Pelajaran (2)
Pernahkah ketika kita kita dalam kondisi kalut, galau atau emosi memuncak mengucap: "TITENONO" kepada sejawat guru, anak didik yang menjadi binaan kita, orang tua, istri dan anak kita, atau kepada handai tolan serta orang lain karena perasaan kita tersakiti.
Mendengar dan apalagi "mengucap" ujaran itu, penulis teringat pada tembang dolalan yang berjudul: Gotri Nagasari salah satu tembang Nusantara yang sering dinyanyikan anak-anak pada zaman old.
Berikut Lirik Tembang Gotri Nagasari yang sering di mainkan anak-anak jawa pada waktu dulu :
Gotri ala gotri nogosari, ri
riwul iwal – iwul jenang katul, tul
dolan awan-awan ndelok manten, ten
titenono mbesuk gedhe dadi opo, po
podheng mbako enak mbako sedeng, deng
dengklok engklak-engklok koyo kodok
Tembang lagu dolanan/bermain (Gotri Nagasari) ini memang sekarang sudah mulai menghilang atau bisa juga dikatakan sudah langka dan jarang dimainkan sama anak-anak zaman sekarang. Tetapi dibalik kelangkaan permainan ini ada makna mendalam yang perlu kita jadikan "ibrah" bahwa: “setiap manusia itu harus punya tujuan di dalam hidupnya, mulai dari kecil sebagai bekal menuju masa depannya nanti.”
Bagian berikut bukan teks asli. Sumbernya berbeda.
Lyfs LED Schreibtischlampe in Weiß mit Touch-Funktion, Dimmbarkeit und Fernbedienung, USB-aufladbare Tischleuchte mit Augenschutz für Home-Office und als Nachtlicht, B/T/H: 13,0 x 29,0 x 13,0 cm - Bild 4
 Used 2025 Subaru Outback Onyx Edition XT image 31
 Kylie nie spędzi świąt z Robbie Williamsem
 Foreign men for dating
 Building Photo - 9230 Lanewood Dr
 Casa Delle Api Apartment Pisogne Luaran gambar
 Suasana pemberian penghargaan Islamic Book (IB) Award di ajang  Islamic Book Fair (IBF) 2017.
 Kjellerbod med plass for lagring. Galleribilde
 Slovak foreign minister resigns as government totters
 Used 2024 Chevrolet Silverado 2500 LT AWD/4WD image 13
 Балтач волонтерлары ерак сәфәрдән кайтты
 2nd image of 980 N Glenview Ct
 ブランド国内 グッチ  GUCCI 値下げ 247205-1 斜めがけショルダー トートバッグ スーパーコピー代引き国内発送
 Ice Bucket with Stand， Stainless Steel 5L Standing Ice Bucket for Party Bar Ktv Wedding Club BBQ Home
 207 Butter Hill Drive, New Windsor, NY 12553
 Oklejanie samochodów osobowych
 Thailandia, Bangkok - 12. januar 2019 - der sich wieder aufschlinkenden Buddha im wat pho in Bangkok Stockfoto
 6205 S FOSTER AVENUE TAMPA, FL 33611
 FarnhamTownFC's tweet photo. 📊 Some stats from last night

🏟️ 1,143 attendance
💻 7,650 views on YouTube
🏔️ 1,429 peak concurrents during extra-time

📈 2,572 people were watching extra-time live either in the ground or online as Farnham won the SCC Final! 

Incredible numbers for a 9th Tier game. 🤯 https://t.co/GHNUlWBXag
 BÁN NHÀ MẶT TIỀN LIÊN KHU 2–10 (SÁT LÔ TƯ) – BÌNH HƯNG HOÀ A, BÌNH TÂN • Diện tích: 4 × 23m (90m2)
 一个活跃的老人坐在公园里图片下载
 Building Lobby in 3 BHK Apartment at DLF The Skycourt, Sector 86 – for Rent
Contohnya : kalau mau mencari jodoh atau pendamping hidup , manusia harus menilai bakal calon jodohnya nanti. Jangan sampai salah, sebab kalau sampai salah bakal ela-elo uripe koyo kodok ( akan geleng2 kepala hidupnya seperti katak). Sebuah pelajaran berharga sarat makna, sayang pembelajaran ini tergerus oleh jaman now yang penuh taktik dan strategi lebih rumit.
Menutup kolom di tulisan ini, mari kita kata itu kubur kata "TITENONO". Ingat pesan yang berbunyi: “Natas, nitis, netes”. Artinya: Dari Tuhan kita ada, bersama Tuhan kita hidup, dan kepada-Nya kita akan kembali. Semoga bermanfaat!